What this task involves:
Return each line of the data below exactly, omitting any pictures.

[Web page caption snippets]
※
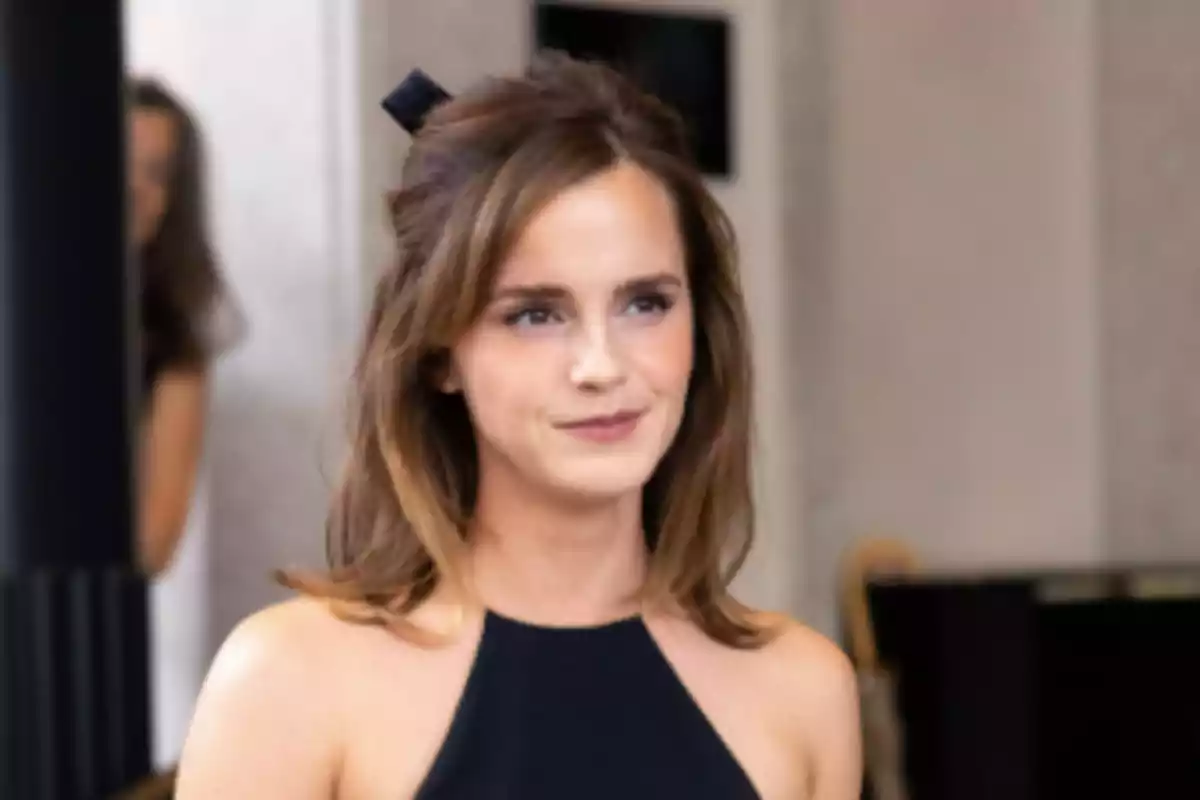 Mujer joven de cabello castaño y suelto con un vestido negro sin mangas en un ambiente interior elegante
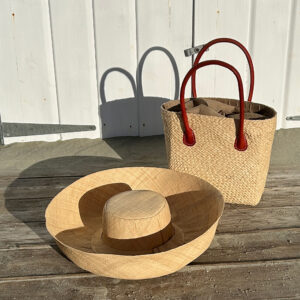 Camille raffia tote bag in natural with a large Mimosa raffia hat in natural beside a beach hut
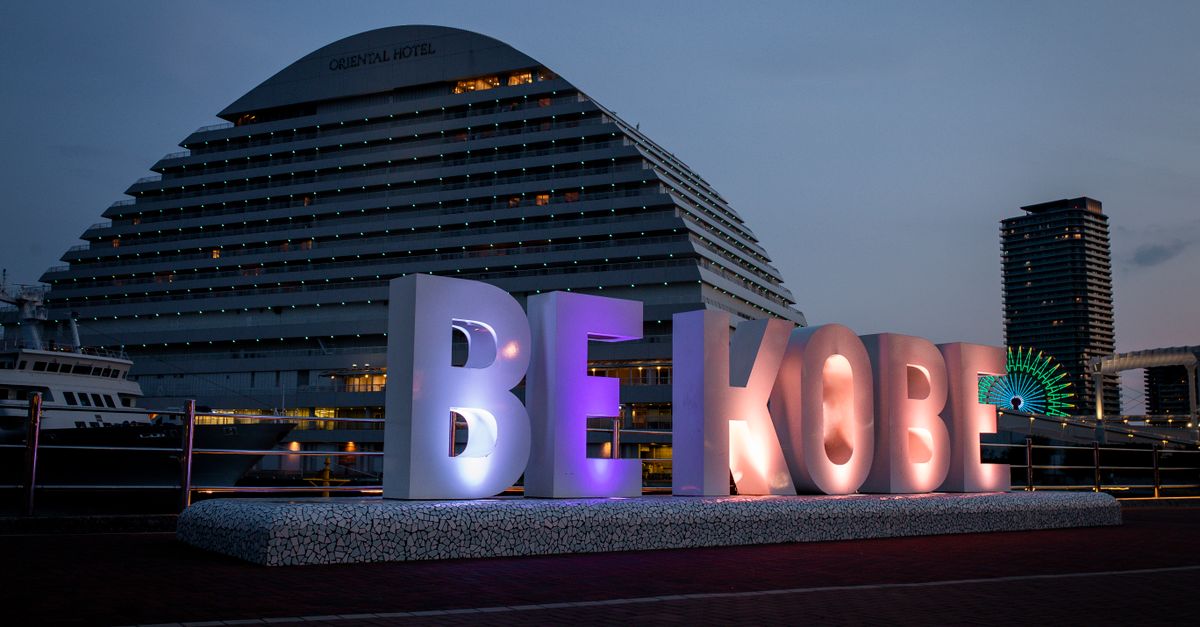 Evening scene of Kobe Harbor featuring the iconic 'Be Kobe' sign with Oriental Hotel in the background.
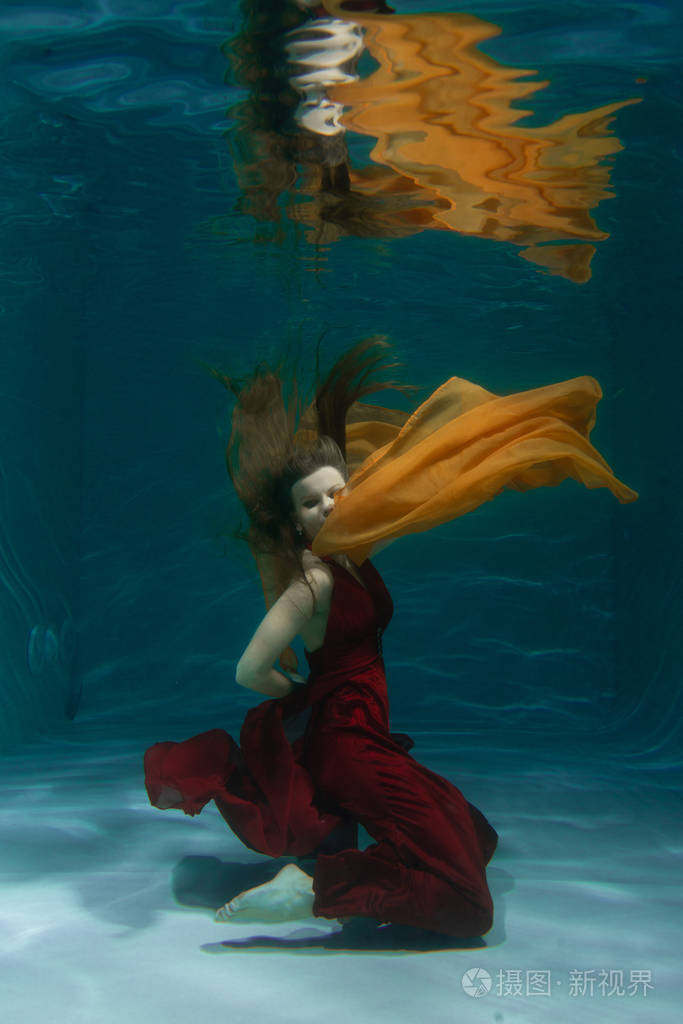 美丽的自由的自由潜水员一个人穿着红色的长裙独自在深水中游泳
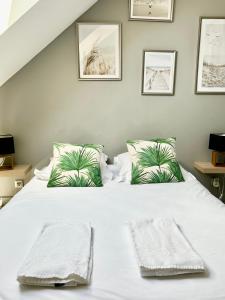 a bedroom with a white bed with two towels on it at Escapade marine in Deauville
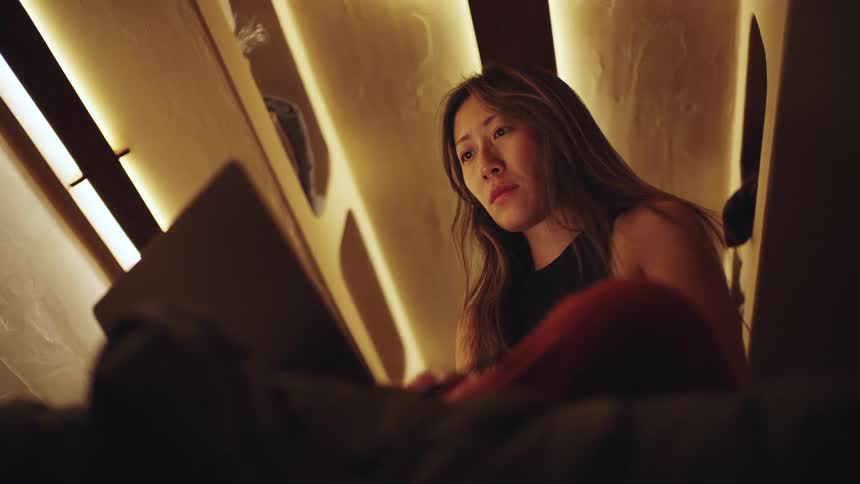 Woman focused on a laptop in a warmly lit room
※
Problem solution:
 Mujer joven de cabello castaño y suelto con un vestido negro sin mangas en un ambiente interior elegante
 Camille raffia tote bag in natural with a large Mimosa raffia hat in natural beside a beach hut
 Evening scene of Kobe Harbor featuring the iconic 'Be Kobe' sign with Oriental Hotel in the background.
 美丽的自由的自由潜水员一个人穿着红色的长裙独自在深水中游泳
 a bedroom with a white bed with two towels on it at Escapade marine in Deauville
 Woman focused on a laptop in a warmly lit room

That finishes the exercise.